There was no bonding over shared joints or laughing fits between fistfuls of Cheetos at Cheech Marin’s cliffside Malibu home that night. Rather, it was filled with street tacos from La Reyna, conversations about his private Chicano art collection, and craft cocktails made with his new brand of mezcal, Tres Papalote. He really has come a long way since driving a van made entirely of weed in Up in Smoke.
Even Marin’s introduction to mezcal was fancy. Having pooh-poohed the spirit when he was growing up in L.A. (“It looked like a souvenir you got when you went down to TJ”), he didn’t develop an interest in it until his good friend Chef John Sedlar (Rivera) presented it to him in the form of a cricket-rimmed cocktail.
“[Sedlar] turned me onto it, not through straight shots but mixed drinks. And that really made all the difference in the world,” he explains. “It’s really tropical, it had a smoky flavor—chiles—and I thought, ‘Wow, this is good!'”
At the same time his friend Edward Caan of Riviera Imports, the same company that imported the Ron Burgundy scotch, was looking to create a product with Marin. Since the tequila category was already oversaturated, Marin’s newfound love for mezcal presented itself as the direction to go. Apart from the fact that it seemed like a great opportunity—it’s what all the celebs are doing these days—the comedian liked the idea of becoming the face of a seemingly faceless category. “What I figured is that mezcal didn’t really have a face. It had no identity. And mezcal seems to be on the rise,” he says.
What sets Tres Papalote apart from most other mezcals, besides its celebrity backing, is that not only is it made from Cupreata agave which comes from Guerrero as opposed to Oaxaca, the mezcal is approachable with just a subtle smokiness.
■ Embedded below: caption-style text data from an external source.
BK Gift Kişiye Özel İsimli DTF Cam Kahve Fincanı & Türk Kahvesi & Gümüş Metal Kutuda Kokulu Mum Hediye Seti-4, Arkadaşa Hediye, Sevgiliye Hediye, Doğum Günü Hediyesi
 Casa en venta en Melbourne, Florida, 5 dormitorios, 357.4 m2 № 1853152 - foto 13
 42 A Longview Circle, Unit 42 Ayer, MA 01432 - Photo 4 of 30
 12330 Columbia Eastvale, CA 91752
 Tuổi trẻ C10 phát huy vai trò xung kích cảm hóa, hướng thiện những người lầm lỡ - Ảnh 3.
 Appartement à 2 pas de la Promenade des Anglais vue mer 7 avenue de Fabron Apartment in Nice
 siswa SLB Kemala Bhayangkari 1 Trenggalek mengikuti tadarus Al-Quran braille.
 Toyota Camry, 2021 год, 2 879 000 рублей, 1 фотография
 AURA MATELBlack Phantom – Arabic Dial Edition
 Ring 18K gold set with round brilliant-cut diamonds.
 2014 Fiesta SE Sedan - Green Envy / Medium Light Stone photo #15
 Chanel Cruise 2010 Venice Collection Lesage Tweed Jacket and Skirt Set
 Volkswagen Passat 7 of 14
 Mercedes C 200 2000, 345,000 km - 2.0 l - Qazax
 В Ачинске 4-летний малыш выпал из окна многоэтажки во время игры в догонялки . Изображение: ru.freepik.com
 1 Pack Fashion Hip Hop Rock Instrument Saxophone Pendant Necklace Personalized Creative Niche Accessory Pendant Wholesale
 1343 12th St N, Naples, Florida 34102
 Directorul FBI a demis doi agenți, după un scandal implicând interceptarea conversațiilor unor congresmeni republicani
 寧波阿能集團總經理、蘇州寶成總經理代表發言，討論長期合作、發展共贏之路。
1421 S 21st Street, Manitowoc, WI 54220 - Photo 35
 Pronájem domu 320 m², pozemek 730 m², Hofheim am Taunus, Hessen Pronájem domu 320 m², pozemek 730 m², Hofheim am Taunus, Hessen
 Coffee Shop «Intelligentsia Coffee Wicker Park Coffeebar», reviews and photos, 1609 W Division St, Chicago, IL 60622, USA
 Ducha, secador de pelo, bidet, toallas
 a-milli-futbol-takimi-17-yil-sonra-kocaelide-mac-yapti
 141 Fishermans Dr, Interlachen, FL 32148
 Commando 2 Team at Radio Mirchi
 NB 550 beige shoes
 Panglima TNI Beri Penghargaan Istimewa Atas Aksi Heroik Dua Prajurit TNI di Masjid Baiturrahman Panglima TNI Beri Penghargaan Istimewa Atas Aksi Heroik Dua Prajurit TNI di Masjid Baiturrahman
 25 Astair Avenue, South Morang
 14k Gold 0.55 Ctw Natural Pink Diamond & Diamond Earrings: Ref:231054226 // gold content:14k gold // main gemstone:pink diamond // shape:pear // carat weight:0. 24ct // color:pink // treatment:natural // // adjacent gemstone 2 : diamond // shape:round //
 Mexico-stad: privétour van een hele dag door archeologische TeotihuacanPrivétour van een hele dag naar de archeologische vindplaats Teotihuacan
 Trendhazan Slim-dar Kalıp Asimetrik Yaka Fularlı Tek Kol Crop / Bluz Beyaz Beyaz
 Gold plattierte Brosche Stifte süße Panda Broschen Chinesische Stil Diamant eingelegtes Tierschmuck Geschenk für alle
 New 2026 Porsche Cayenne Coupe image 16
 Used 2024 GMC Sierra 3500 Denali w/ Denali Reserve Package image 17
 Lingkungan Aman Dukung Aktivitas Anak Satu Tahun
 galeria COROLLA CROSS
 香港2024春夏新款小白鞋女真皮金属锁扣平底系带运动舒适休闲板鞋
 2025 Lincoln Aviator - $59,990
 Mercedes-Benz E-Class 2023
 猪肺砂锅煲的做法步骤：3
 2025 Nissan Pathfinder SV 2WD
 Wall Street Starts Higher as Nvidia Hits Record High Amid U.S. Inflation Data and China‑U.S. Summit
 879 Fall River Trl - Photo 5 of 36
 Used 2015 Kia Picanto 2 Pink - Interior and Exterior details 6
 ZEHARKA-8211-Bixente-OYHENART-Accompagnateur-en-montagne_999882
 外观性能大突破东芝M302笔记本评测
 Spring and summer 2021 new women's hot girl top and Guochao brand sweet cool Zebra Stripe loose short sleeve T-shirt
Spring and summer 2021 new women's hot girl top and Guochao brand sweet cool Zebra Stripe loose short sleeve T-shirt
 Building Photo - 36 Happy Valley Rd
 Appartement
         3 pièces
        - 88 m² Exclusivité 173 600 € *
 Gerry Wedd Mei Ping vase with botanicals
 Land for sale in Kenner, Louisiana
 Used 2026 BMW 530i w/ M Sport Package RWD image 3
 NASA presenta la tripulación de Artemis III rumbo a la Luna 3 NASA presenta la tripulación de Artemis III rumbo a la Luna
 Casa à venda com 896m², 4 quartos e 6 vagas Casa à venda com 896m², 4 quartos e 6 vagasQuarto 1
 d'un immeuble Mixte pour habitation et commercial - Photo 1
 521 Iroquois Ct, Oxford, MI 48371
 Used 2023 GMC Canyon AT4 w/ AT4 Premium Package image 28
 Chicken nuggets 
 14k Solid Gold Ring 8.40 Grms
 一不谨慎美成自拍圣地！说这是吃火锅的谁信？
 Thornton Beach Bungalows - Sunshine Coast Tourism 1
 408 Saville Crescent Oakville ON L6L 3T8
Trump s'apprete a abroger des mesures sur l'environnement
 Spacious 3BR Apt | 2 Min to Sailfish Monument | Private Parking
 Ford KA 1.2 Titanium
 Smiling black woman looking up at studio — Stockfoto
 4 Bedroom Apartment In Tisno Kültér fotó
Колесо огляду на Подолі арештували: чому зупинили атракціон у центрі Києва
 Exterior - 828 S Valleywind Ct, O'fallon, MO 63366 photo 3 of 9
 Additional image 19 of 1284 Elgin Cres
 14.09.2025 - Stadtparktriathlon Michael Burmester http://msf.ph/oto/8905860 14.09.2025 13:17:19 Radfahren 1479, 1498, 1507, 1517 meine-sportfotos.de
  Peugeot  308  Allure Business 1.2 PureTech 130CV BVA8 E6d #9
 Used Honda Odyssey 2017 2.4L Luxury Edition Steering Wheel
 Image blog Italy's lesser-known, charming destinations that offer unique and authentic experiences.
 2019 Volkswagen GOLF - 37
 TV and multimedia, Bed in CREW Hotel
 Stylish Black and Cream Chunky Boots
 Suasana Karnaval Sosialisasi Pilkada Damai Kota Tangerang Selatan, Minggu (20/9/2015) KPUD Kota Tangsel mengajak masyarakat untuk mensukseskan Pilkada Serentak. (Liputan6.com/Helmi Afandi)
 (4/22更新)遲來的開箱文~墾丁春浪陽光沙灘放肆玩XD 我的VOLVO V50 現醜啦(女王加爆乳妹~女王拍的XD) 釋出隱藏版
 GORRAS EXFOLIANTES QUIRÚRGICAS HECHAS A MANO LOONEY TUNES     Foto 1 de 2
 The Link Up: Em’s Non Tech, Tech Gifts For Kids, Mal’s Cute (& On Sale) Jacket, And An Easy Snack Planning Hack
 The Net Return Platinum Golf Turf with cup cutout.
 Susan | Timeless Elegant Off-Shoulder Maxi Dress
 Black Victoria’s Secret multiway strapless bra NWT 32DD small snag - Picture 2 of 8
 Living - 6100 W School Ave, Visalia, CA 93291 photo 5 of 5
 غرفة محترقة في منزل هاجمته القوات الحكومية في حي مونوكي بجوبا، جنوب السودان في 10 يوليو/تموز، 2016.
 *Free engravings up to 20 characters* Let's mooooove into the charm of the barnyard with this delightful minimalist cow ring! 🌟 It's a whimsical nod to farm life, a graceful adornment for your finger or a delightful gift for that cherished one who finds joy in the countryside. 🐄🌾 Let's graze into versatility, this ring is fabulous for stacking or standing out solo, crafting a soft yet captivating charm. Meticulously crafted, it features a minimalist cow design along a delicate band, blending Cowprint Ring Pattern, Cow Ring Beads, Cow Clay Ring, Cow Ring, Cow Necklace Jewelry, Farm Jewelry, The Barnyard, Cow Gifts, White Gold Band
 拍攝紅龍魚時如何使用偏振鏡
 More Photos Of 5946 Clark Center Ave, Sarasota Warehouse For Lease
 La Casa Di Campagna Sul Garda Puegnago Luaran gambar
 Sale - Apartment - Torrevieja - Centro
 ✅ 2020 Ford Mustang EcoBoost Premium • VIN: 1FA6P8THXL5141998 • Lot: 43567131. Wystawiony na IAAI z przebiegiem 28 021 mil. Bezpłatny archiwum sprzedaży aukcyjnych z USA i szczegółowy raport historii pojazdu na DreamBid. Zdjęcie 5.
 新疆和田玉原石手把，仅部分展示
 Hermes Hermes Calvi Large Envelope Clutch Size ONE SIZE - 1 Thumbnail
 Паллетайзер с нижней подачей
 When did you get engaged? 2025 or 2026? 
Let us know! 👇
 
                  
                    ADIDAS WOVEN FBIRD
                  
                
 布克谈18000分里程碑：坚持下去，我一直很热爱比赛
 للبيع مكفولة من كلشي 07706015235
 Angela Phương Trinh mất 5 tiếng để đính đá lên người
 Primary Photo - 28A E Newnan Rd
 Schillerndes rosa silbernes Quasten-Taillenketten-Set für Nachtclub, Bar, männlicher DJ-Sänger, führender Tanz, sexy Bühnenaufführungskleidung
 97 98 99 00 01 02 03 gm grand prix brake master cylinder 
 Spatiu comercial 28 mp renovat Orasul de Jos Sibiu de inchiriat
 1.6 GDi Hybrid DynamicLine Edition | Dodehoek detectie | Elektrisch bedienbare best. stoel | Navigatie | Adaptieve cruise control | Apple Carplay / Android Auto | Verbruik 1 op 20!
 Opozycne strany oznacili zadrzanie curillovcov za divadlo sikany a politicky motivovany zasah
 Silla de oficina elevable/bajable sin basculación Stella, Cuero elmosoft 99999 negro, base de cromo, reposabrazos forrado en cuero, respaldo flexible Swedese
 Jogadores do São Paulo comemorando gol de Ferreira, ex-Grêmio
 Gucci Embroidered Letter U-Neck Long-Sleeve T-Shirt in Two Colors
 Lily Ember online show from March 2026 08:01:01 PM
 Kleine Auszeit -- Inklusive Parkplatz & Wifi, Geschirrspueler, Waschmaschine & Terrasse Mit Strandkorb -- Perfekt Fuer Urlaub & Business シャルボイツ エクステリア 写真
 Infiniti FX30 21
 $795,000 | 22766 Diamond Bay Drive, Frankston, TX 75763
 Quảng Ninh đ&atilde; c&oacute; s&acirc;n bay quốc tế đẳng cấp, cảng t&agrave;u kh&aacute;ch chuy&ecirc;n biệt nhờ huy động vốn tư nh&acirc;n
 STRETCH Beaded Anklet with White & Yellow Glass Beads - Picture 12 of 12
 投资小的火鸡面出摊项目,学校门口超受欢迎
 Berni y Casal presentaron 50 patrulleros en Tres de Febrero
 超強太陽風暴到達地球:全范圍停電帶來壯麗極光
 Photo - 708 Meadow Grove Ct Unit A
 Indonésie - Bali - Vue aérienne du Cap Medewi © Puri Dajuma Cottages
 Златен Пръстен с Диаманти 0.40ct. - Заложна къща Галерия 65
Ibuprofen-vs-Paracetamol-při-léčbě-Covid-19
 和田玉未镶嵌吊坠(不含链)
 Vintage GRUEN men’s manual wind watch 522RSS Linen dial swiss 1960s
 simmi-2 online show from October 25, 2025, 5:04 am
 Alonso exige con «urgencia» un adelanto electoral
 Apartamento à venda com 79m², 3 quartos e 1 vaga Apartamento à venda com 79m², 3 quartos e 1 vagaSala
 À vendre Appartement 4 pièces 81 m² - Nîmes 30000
Even Los Angeles magazine’s resident mezcal expert Bill Esparza liked it: “It was a pleasant surprise to learn that Tres Papalote mezcal clocks in at 46 degrees, respecting tradition, and is a nice, balanced expression of Guerreran cupreata, or maguey papalote. And as a pocho, having Cheech as a brand ambassador seals the deal.”
Its drinkability was an important feature to have according to Marin who wanted to create a mezcal that appealed more to the mainstream public. “You don’t want the taste to be very specific, very esoteric that only aficionados can appreciate,” he says.
Yusef Austin, the mixologist and representative for the brand, highlighted the spirit’s versatility by creating a light, bright cocktail for the launch event, rather than the usual dark and intense mezcal cocktail. “It lends itself really well to a plethora of different ingredients. I’m using it with sesame, guava, blood orange, Kaffir lime leaves,” he says.
But if you really want to drink like Cheech, make his favorite cocktail at home. It’s basically a tequila and tonic with a lemon twist (one-third tequila, two-thirds tonic and a twist). “Timothy Leary taught me that drink,” he says, namedropping but not, because he’s Cheech Marin. “We used to drink that all the time; he was a good buddy of mine. I suppose you could do it with the mezcal, too.”
Tres Papalote mezcal will be available in Southern California at the end of March. Liquorama is slated to start shipping it in a couple of weeks.